He was right. He’d never shirked his responsibility on the job. If she didn’t hire him now, it would be because she was a petty-minded person who couldn’t get over the past, and she hated to think she might be one of those.

“Fine,” she told him. “The job is yours. But only until I find somebody permanent. Even if that happens tomorrow, you’ll have to move on.”

“Deal.”

“The job requires you to work six days a week, including both weekend days, with one day off during the week.”

“That’s fine. But I have to go to Austin twice a week for physical therapy, so I’ll need another morning or afternoon off during the week.”

“You haven’t even started and you’re pushing for time off?”

“Most of the work around here can be done in off hours—early morning, late evening. I’ll make up the time.”

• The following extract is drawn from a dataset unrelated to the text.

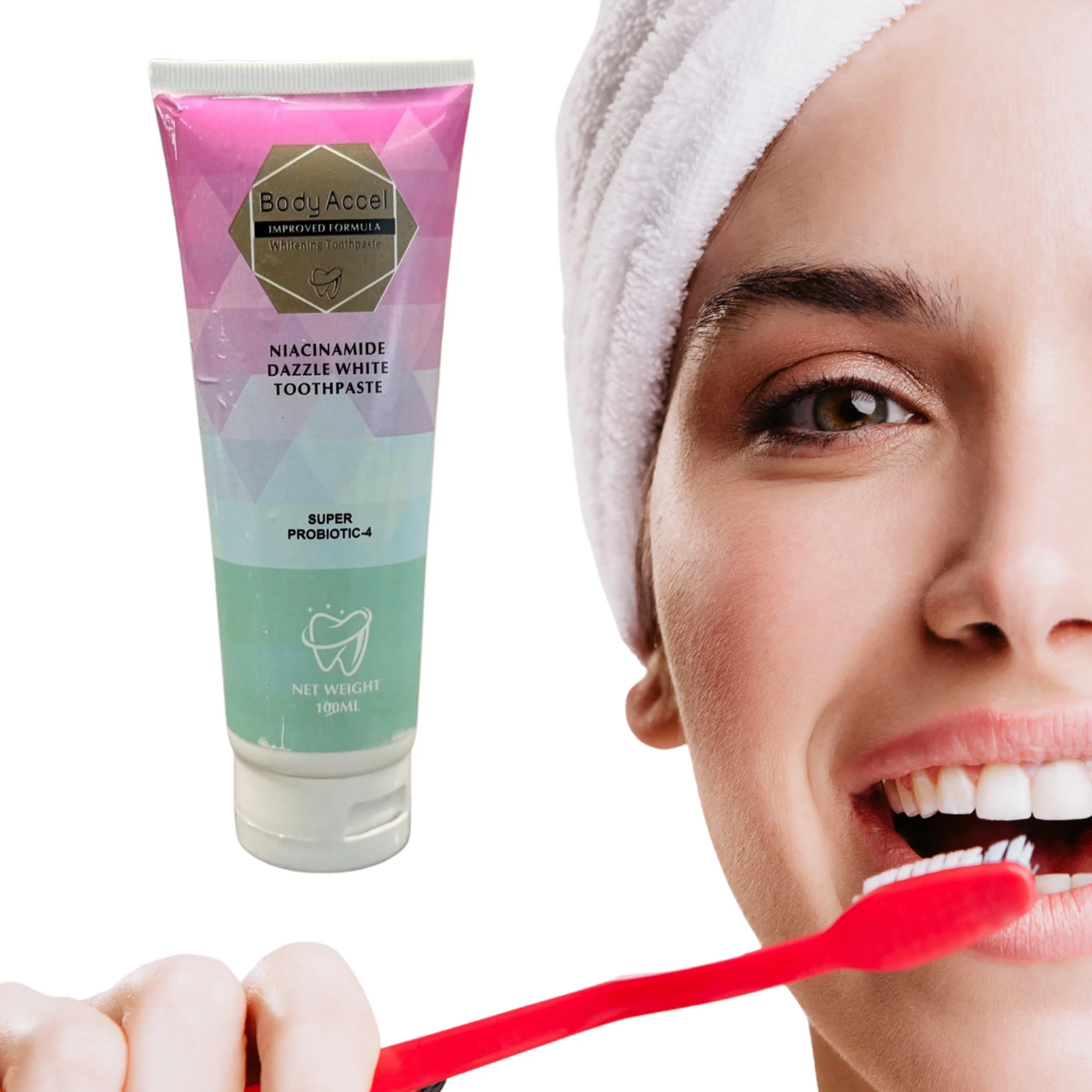 Body Accel Whitening Toothpaste | Advanced Niacinamide Probiotic Formula | 100ml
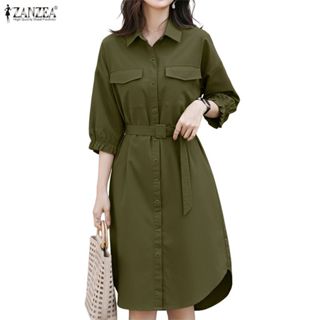 ZANZEA ผู้หญิงเกาหลี Officewear Turn-Down-Collar 3/4 แขนไม้ห…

Shannon hadn’t liked this before, and she really didn’t like it now. But he was right. Whether the animals were fed at seven in the morning or nine really didn’t matter, as long as it was consistent.

“When can you start?” she said.

“No time like the present.”

“Good. I assume you want to move in immediately, too.”

“Yes.

“Okay. Freddie Jo will put you on the payroll and—”

All at once her phone rang. She looked at the caller ID. Russell?

She hit the
Answer
button. “Hi, Russell. What’s up?”

“I just called to ask what kind of wine would be appropriate for tonight.”

She started to say,
Wine for what?
And then it hit her, that horrible sinking sensation that always came over her whenever she realized she’d forgotten something important. Sure,
now
she remembered they were going to her parents’ house for dinner. Now, less than an hour and a half before Russell was supposed to pick her up and she was a hot, sweaty mess from head to toe.

She took several quick steps away from Luke, turned her back, and spoke quietly. “Uh…yeah. A bottle of wine. That would be nice.”

“Do you have any idea what your mother is making?”

“Uh…”

“Beef?”

“Well…”

“Pork? Fish?”

She squeezed her eyes closed.
Think…think…what did she tell you?

Oh, yeah. Chicken. But not just any old chicken. She was making her prized Monterrey Chicken, famous the world over, as long as the world didn’t extend past the city limits of Rainbow Valley. When it came to cooking, Loucinda North was the self-crowned Queen of Cuisine. While other kids were eating macaroni and cheese on plastic plates in the breakfast room, Shannon remembered white-tablecloth dinners, complete with gravy boats, napkin rings, and narrow-eyed glares for any child who dared put her elbows on the table.

“Chicken,” she said.

“Then I’ll bring a white. Chardonnay. Light and crisp. Fruity. Will that work?”

“Yes. White. That’ll be perfect.”

“I’ll pick you up at six.”

“Sounds good,” she said with a smile in her voice that never made it to her face. She hit the
End
button and stuffed the phone back into her pocket.

“White wine and chicken,” Luke said. “I hear that’s a good match. Me, I’m a beer man. The darker, the better.”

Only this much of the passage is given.